### Data provided

━━━━━━━━━━━━━━━━

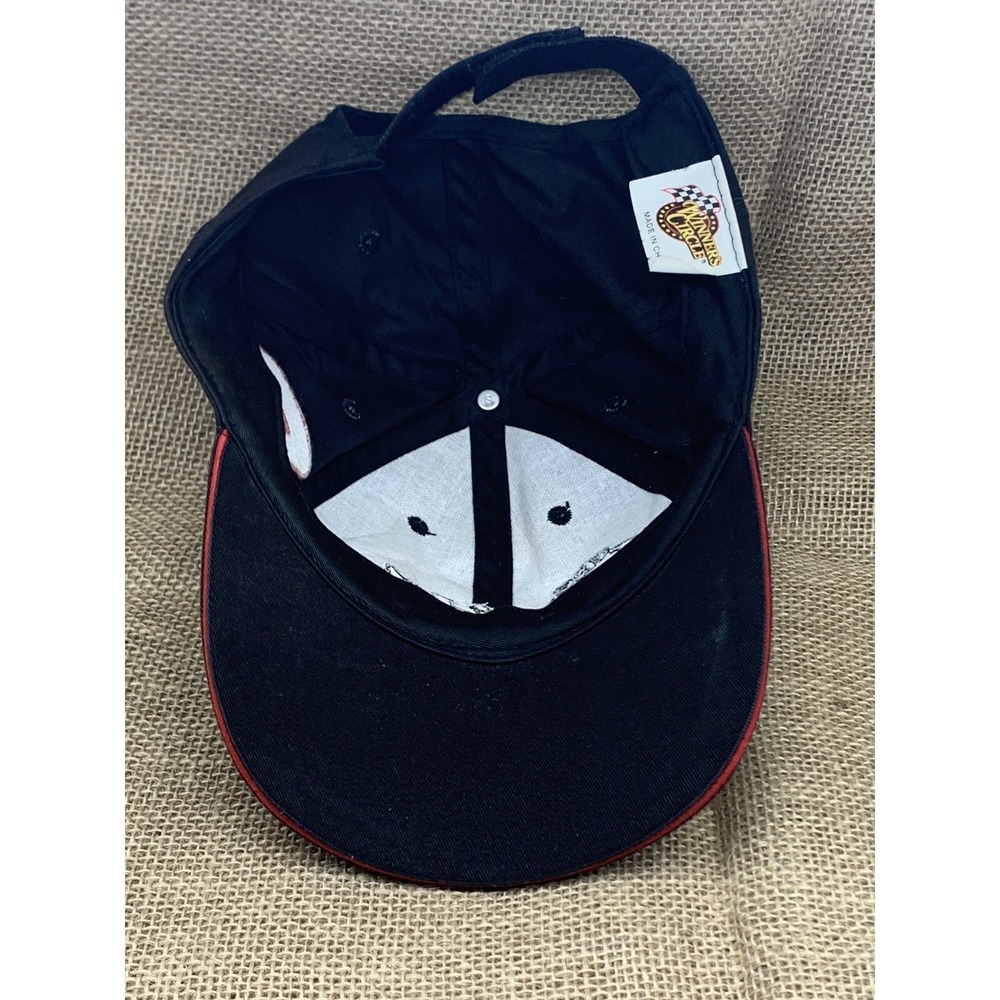 Dale Earnhardt Sr Hat Cap #3 The Intimidator Winners Circle Nascar Racing NICE - Picture 6 of 6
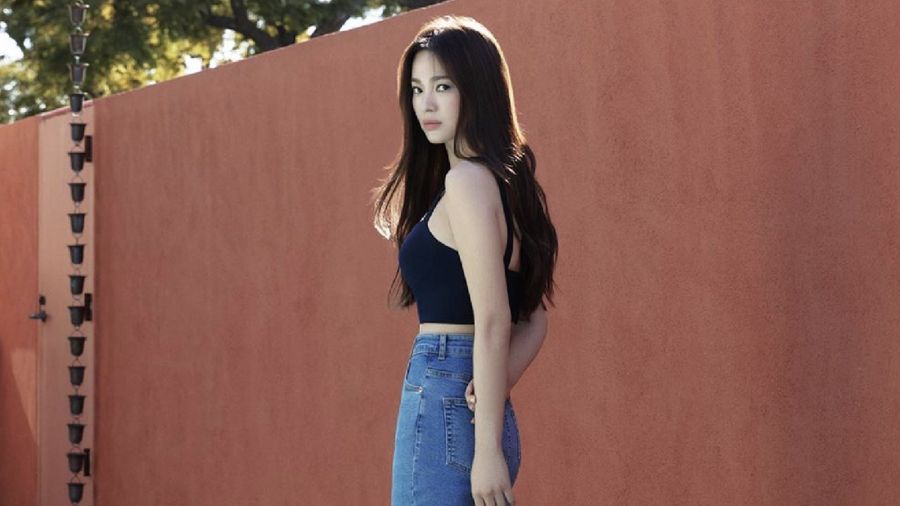 Lee Hyori (Tangkapan Layar Instagram @kyo1122)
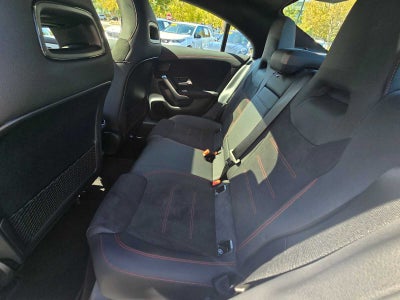 2026 Mercedes-Benz CLA 250 Coupe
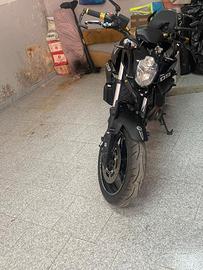 Yamaha MT 03 660cc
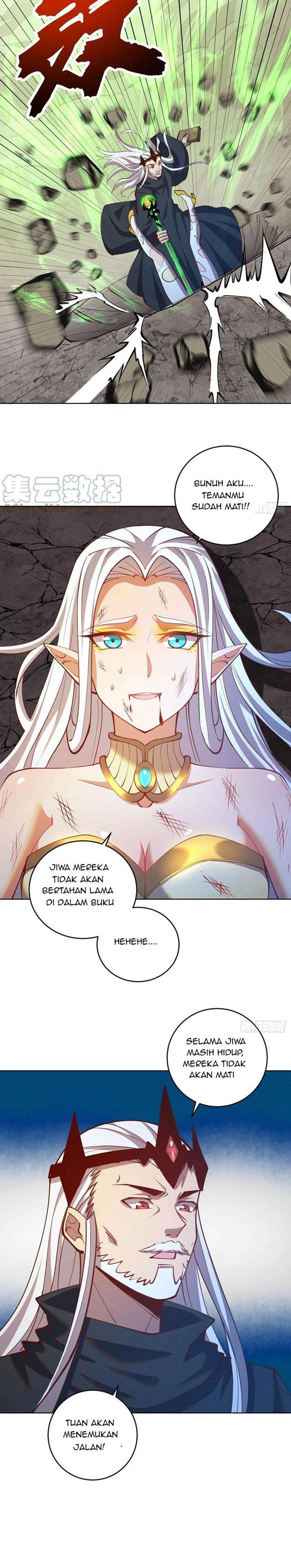 Dark Star Emperor Chapter 251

━━━━━━━━━━━━━━━━

### Exercise objective
Write out every line of the listing exactly as written, and leave the pictures out.

### Your response
 Dale Earnhardt Sr Hat Cap #3 The Intimidator Winners Circle Nascar Racing NICE - Picture 6 of 6
 Lee Hyori (Tangkapan Layar Instagram @kyo1122)
 2026 Mercedes-Benz CLA 250 Coupe
 Yamaha MT 03 660cc
 Dark Star Emperor Chapter 251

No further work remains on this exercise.